A PL das terceirizações pretende acabar de vez com a
agenda do desenvolvimento para jogar o país na lógica global do neoliberalismo
espoliativo
A
sofreguidão conservadora cometeu um erro do qual talvez não consiga mais se
redimir. Ou pelo menos não tão cedo, nem
tão facilmente.
Vitoriosa
ou derrotada, carregará na testa para sempre a marca de ferro com as iniciais
do seu dono: ‘Fiesp’.
Em ordem
unida, a bancada dos patrões –inclua-se o tucanato e respectivas subespécies do
mesmo ninho ideológico-- abraçou uma
bandeira que empresta incandescente transparência às reais intenções por trás
da cruzada moralista catalisada pela Lava Jato.
A terceirização
total da força de trabalho no país – doa
a quem doer, como parece ser a determinação do adido patronal no Legislativo,
Eduardo Cunha-- carrega abrangência e letalidade suficientes para
expor a matriz dos interesses que hoje fustigam o governo, sangram o PT,
asfixiam a Petrobrás e não hesitam em quebrar o Brasil.
Com tal
radicalidade, a PL 4330 ressuscitou algo que parecia ter se perdido na imparcial conduta do juiz Moro no combate
à corrupção: a luta de classes.
Borrada
igualmente fica a narrativa que equipara
a encruzilhada do desenvolvimento brasileiro a uma monocausal paralisia sanável
com água, sabão, arrocho e fim do
governo do PT.
Nenhuma
faxina restauradora terá o efeito desejado, porém, ressalva o jogral
conservador, se a viga mestra do edifício econômico não for recolocada no
devido lugar: ‘é preciso derrubar o custo Brasil’, cortando a mãe de todos os despropósitos, o custo do
trabalho.
Esse é
o pulo do gato do país de Getúlio Vargas
para o de Aécio, Skaf & Cunha e assemelhados.
A isso
se propõe a PL 4330, ao autorizar o desmonte da CLT em todos os setores, para
todas as funções laborais, em plena retração do emprego e da economia
brasileira.
O
ímpeto conservador quebrou o cristal do combate entre puros e sujos ao fazer
aflorar a pertinência da luta dos trabalhadores e de suas organizações contra a
pantagruélica bocarra dos detentores da riqueza.
Foi
esse discernimento perigoso que escapou da garrafa para as ruas de todo o país
na semana passada, em manifestações de dezenas de milhares de pessoas em 23
estados contra a terceirização.
A
evidência prática do que é capaz uma frente ampla motivada e mobilizada –neste
caso em pouquíssimos dias e com o boicote sabido do dispositivo
conservador-- gerou efeitos igualmente
pedagógicos.
Informe-se
para os devidos fins: a rua funciona.
Lula
sabe disso.

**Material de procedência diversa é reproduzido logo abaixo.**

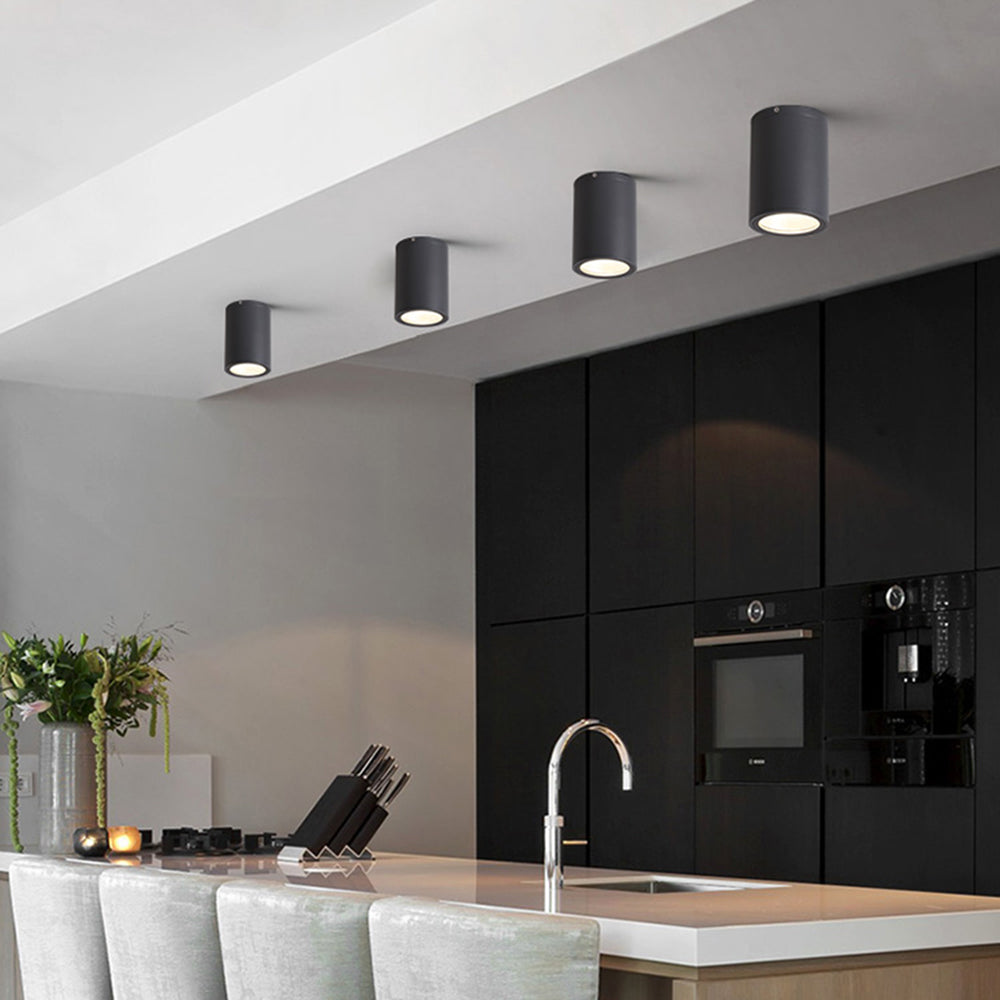 Ray Moderne Zwarte Cilindrische Inbouw Plafondlamp Spot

Mas o cerco dos punhos de renda ao seu redor insiste em sombrear
seu discernimento.
Desta
vez não deu.
Em
questão de horas, a bancada dos patrões recuou.
Depois
de votar maciçamente pela implosão dos direitos trabalhistas, o Congresso adiou
o escrutínio das emendas finais à PL 4330 para a próxima quarta-feira, 22/04.
Não sem
defecções.
Metade
da bancada do PSDB hesita agora em expor seu rosto e seu nome na votação final.
A rua funciona.
Essa lição tem um valor inestimável nos dias que
correm.
Em
primeiro lugar, para tirar o campo progressista do atoleiro das elucubrações
existenciais e focar no que importa.
O que
importa, insista-se contra o enfado dos punhos de renda, é construir nas ruas a
frente ampla progressista que pode representar os intereses majoritários da
sociedade no enfrentamento da ofensiva das elites.
O
conservadorismo brasileiro, guardadas as devidas proporções, resolveu reeditar
aqui o 1984 inglês.
Como se
sabe, o 1984 inglês passou à convenção dos valores mercadistas como o ano em
que o neoliberalismo veio à luz, graças à derrota sangrenta imposta por
Margareth Tatcher a uma greve de mineiros de carvão que durou um ano.
O
sindicato era um símbolo da luta operária europeia tendo sido o principal
responsável pela conquista de uma avançada legislação de direitos trabalhistas
ainda no século XIX.
A
primeira ministra conservadora tinha opinião formada sobre isso.
“Maggie’
encarava o poder mineiro como a antessala do comunismo.
Via na
sua tenacidade um inibidor da liberdade dos mercados, que onerava os custos de
produção, alimentava a inflação, corroía a competitividade da economia inglesa
nos mercados mundiais.
Soa
familiar?
Exatamente.
Para
esmagar os mineiros, a primeira-ministra, cuja morte em abril de 2013 inspirou
um animado carnaval fora de época nas ruas da Inglaterra, não poupou
truculência e contou com a solidariedade de classe.
Reagan
forneceu carvão a baixo custo à amiga ‘Maggie’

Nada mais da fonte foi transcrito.